» Task instructions
Within the entries below, how many lines carry the word "California"? State the number and stop.

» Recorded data
******************************
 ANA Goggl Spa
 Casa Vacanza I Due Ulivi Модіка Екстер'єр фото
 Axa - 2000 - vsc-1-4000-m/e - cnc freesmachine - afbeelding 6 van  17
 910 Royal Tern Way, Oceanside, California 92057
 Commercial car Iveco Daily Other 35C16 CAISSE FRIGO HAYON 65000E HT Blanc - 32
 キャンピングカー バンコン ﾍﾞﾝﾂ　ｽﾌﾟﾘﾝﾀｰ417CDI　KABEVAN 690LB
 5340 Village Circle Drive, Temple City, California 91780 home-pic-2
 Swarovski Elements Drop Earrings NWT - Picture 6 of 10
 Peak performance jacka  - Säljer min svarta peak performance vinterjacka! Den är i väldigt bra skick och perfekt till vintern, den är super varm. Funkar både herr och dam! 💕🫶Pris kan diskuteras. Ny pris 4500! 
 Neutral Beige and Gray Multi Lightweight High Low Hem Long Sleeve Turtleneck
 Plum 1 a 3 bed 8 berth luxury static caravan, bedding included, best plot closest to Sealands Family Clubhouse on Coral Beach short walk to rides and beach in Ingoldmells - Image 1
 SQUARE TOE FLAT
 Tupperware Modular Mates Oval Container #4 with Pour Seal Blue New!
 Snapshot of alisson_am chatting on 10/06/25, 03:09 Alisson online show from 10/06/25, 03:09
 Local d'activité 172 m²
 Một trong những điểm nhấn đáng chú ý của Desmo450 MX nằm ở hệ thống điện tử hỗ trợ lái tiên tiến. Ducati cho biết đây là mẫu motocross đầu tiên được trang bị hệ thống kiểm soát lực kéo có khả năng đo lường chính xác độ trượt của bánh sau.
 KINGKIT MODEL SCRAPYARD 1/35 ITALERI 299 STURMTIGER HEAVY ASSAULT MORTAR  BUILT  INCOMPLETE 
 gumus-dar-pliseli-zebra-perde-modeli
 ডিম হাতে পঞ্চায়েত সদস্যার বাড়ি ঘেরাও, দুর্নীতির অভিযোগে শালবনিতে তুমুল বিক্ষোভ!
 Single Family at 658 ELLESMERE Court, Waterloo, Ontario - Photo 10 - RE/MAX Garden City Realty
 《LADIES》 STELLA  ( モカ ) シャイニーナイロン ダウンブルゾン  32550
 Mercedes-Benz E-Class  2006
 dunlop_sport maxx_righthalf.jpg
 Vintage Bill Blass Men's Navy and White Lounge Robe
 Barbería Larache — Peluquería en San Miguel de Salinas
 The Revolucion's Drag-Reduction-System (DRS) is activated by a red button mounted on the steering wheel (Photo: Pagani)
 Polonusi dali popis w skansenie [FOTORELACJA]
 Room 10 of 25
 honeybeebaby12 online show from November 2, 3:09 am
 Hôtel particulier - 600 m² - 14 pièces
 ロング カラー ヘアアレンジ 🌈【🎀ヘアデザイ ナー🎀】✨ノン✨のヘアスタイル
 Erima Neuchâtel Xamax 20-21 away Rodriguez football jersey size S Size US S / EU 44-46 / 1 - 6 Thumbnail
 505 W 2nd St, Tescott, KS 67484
******************************
» Answer to the exercise
2